Captioned web images
───
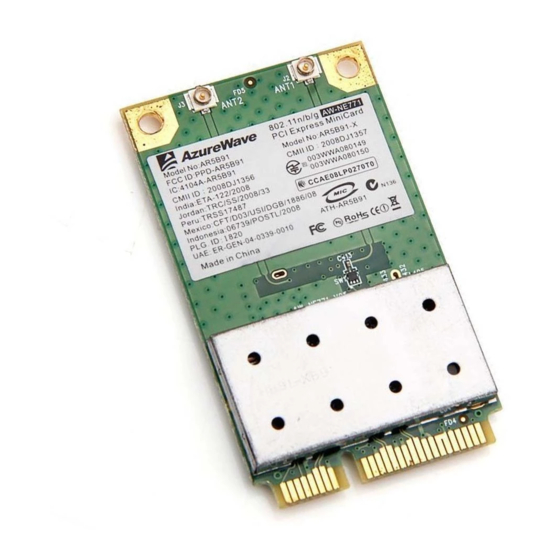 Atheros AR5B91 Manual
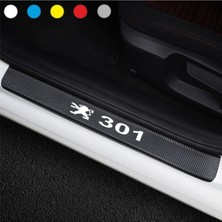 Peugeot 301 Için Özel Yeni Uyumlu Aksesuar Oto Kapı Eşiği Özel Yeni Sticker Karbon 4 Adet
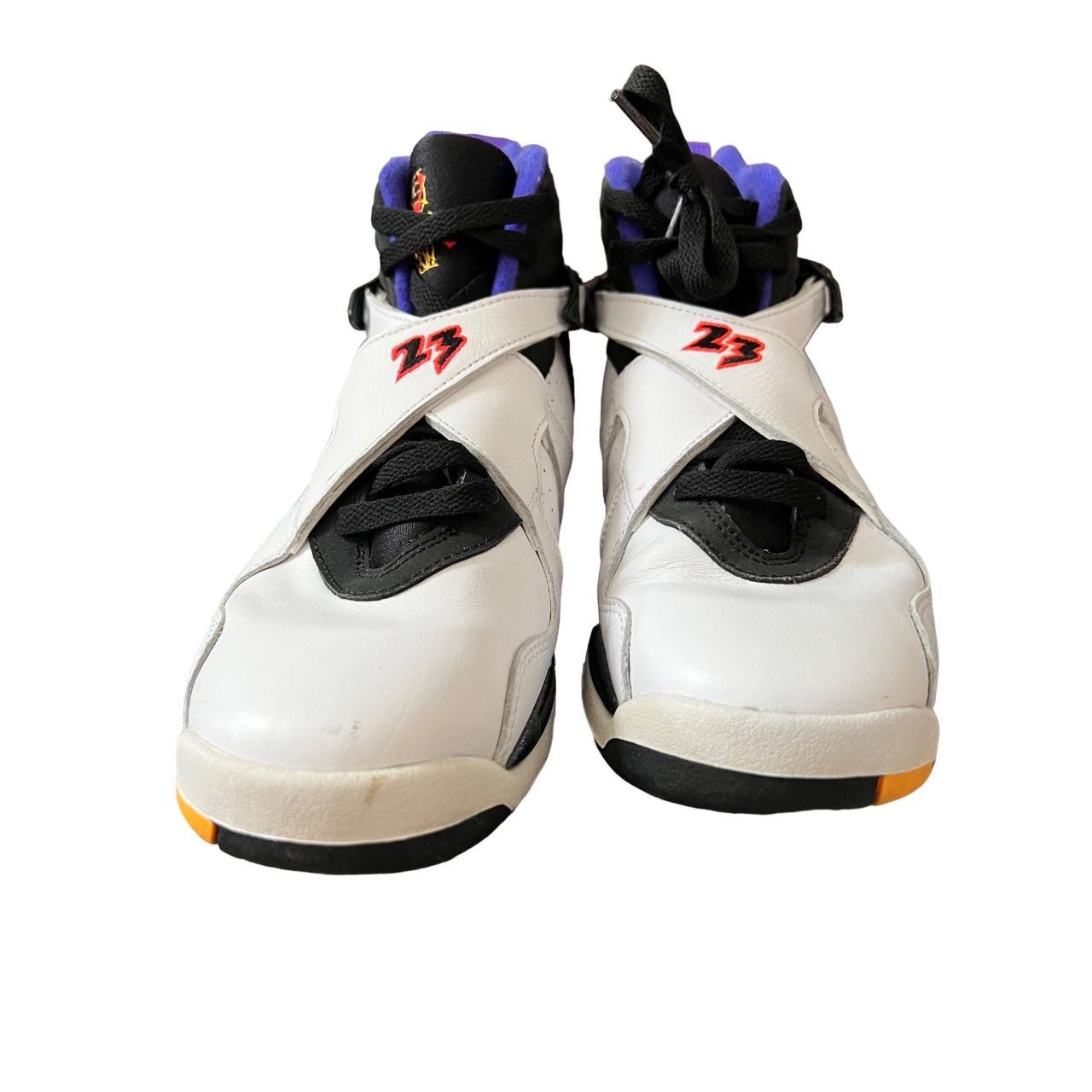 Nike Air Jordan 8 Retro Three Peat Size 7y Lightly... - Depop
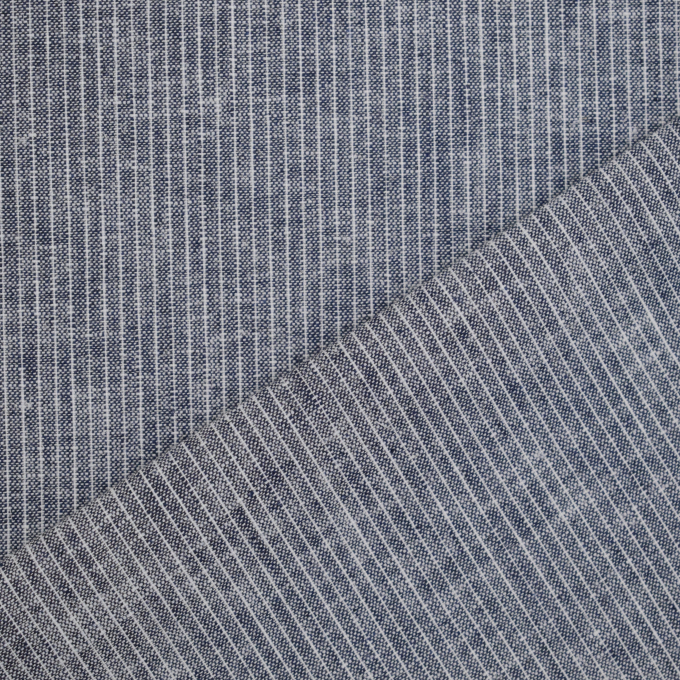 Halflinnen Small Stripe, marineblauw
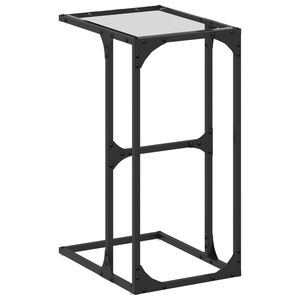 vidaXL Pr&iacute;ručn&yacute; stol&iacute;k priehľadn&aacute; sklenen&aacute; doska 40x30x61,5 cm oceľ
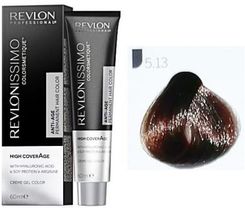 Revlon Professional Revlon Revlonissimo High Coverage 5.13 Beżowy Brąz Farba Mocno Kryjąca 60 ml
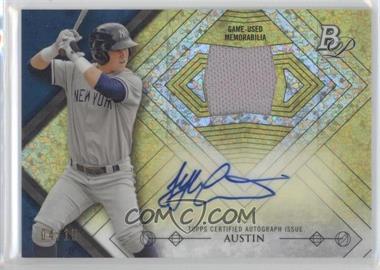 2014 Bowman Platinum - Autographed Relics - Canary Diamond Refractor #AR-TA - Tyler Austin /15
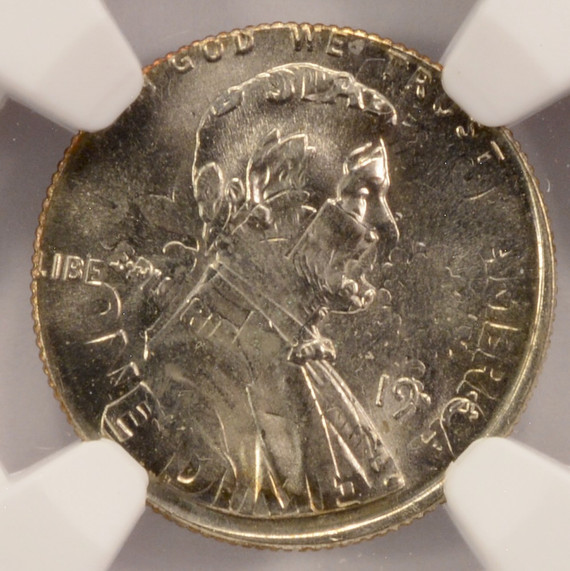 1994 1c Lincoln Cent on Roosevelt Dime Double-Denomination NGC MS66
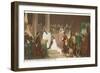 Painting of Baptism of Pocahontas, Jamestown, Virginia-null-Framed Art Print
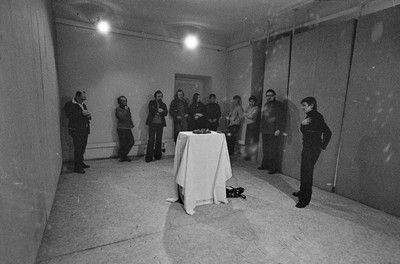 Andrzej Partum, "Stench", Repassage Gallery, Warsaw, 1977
───
**TASK REQUIREMENTS**
Transcribe exactly the lines running from the line with "Painting of Baptism" to the last line of the entries. Pictures stay out of the copy.

**REPLY TO THE TASK**
 Painting of Baptism of Pocahontas, Jamestown, Virginia-null-Framed Art Print
 Andrzej Partum, "Stench", Repassage Gallery, Warsaw, 1977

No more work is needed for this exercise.